Objective: To assess the importance of B-cell control during parasite infections in multiple sclerosis (MS) patients.
Methods: Peripheral blood CD19+ B cells from 12 helminth-infected MS patients, 12 MS patients without infection, 10 patients infected with Trypanosoma cruzi, 8 subjects infected with Paracoccidioides brasiliensis, and 12 healthy control subjects were purified using magnetic cell sorting. Interleukin (IL)-4, IL-6, IL-10, tumor necrosis factor-alpha, lymphotoxin, transforming growth factor-beta, brain-derived neurotrophic factor, and nerve growth factor secretion were evaluated after stimulation with CDw32 L cells and CD40 antibody using enzyme-linked immunosorbent assays. The production of anti-myelin oligodendrocyte glycoprotein IgG and IgM antibodies was evaluated by enzyme-linked immunosorbent spot assays. Cell phenotype was assessed by flow cytometry.

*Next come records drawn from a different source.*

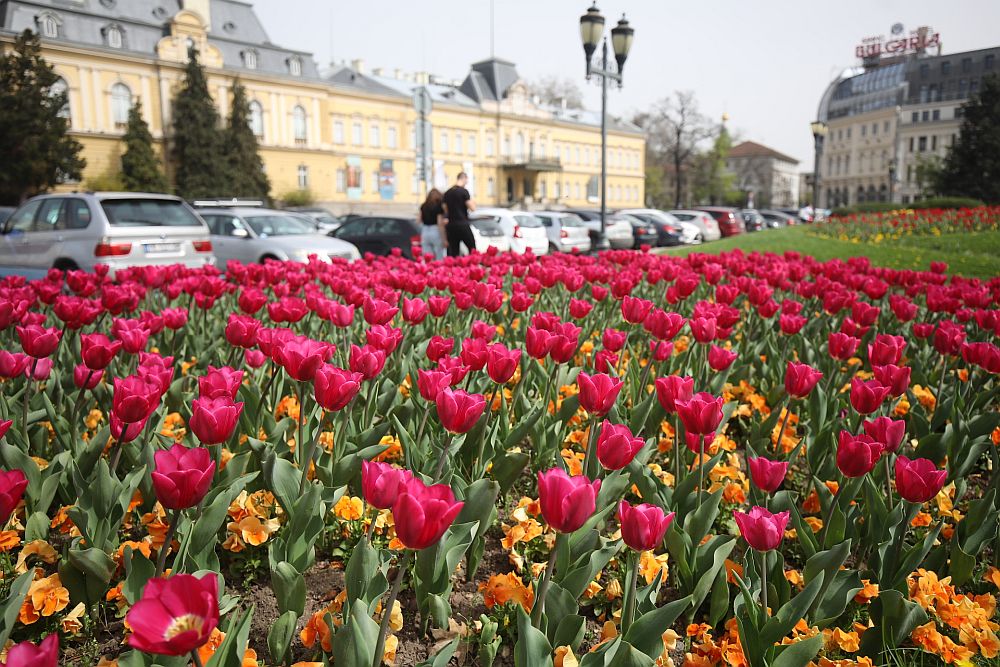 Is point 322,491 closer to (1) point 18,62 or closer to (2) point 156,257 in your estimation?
(2) point 156,257

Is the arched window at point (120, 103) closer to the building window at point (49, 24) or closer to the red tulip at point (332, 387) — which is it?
the building window at point (49, 24)

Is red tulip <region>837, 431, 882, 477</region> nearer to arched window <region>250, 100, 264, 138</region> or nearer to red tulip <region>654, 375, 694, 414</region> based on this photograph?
red tulip <region>654, 375, 694, 414</region>

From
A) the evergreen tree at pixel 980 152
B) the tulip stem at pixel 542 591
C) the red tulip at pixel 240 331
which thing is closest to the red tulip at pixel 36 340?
the red tulip at pixel 240 331

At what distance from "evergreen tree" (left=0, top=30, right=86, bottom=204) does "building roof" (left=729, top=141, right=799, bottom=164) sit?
3929 inches

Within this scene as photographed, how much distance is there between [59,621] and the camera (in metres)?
1.90

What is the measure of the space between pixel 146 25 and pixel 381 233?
35.2m

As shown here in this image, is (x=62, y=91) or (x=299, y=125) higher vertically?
(x=62, y=91)

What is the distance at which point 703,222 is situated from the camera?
96.9 ft

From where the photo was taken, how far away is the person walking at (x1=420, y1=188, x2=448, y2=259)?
33.8 feet

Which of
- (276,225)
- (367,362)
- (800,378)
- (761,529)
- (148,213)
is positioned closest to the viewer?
(761,529)

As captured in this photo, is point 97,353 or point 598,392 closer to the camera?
point 598,392

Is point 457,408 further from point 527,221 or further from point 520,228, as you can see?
point 527,221

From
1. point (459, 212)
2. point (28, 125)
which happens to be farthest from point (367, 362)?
point (28, 125)

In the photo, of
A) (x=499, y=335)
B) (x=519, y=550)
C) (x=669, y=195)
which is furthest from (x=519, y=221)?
(x=669, y=195) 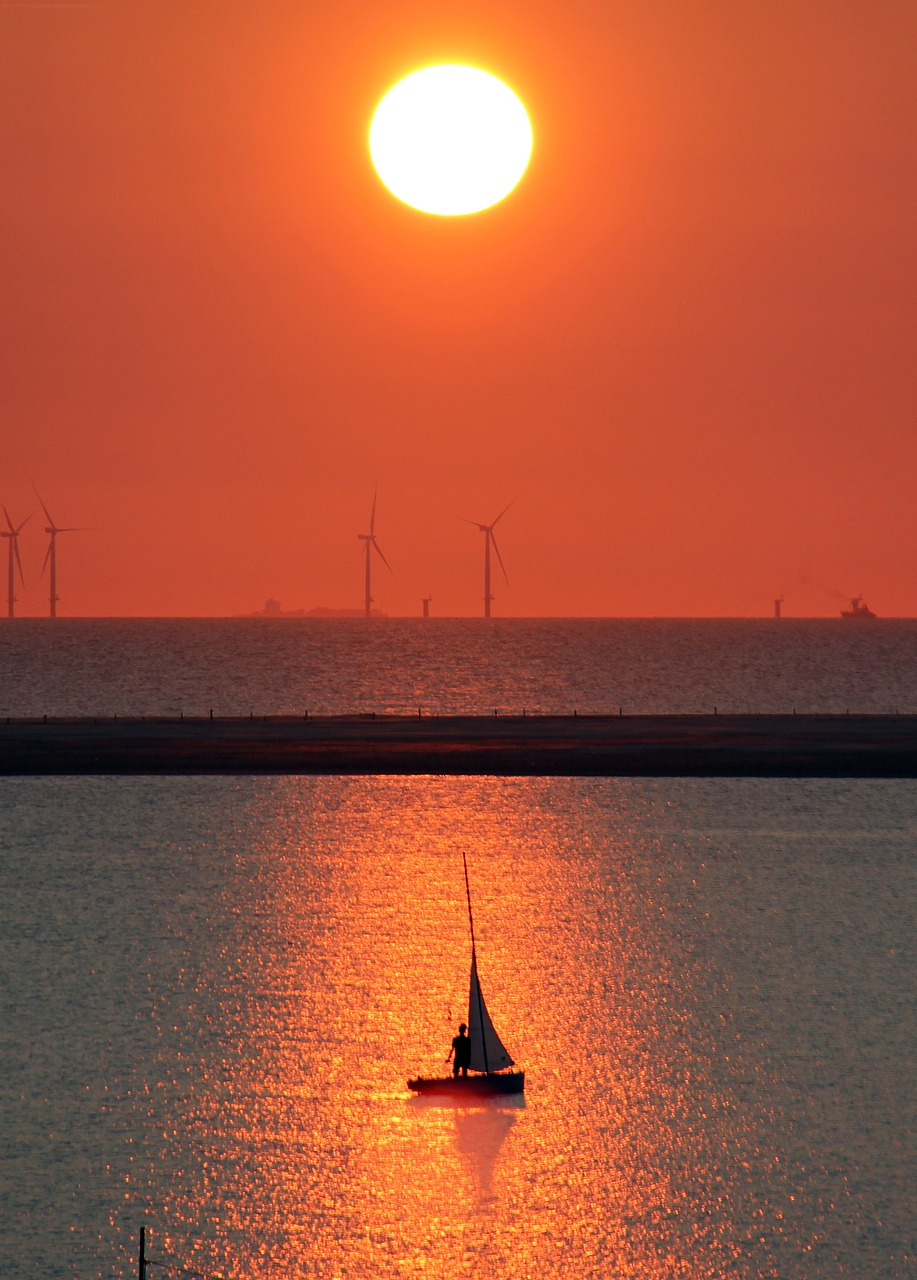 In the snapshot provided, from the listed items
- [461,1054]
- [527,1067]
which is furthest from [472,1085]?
[527,1067]

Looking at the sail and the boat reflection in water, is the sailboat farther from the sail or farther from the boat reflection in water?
the boat reflection in water

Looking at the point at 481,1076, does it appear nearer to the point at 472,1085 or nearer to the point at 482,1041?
the point at 472,1085

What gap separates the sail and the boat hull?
546 millimetres

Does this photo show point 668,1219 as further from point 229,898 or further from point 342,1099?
point 229,898

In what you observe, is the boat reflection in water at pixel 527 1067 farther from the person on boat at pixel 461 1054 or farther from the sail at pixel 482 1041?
the person on boat at pixel 461 1054

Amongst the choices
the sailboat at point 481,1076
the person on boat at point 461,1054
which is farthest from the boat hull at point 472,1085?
the person on boat at point 461,1054

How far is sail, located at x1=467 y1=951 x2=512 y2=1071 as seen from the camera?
4659 centimetres

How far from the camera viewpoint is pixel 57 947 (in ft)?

Results: Helminth infections in MS patients created a B-cell population producing high levels of IL-10, dampening harmful immune responses through a mechanism mediated, at least in part, by the ICOS-B7RP-1 pathway. The IL-10-producing B-cell phenotype detected expressed high levels of CD1d and was similar to the one observed in mature naive B2 cells (namely, CD11b(-), CD5(-), CD27(-), and IgD+). Moreover, B cells isolated from helminth-infected MS patients also produced greater amounts of brain-derived neurotrophic factor and nerve growth factor compared with those of normal subjects, T. cruzi-infected subjects, P. brasiliensis-infected subjects, or uninfected MS patients, raising the possibility that these cells may exert a neuroprotective effect on the central nervous system.
Interpretation: Increased production of B-cell-derived IL-10 and of neurotrophic factors are part of the parasite's regulation of host immunity and can alter the course of MS, potentially explaining environmental-related MS suppression observed in areas with low disease prevalence.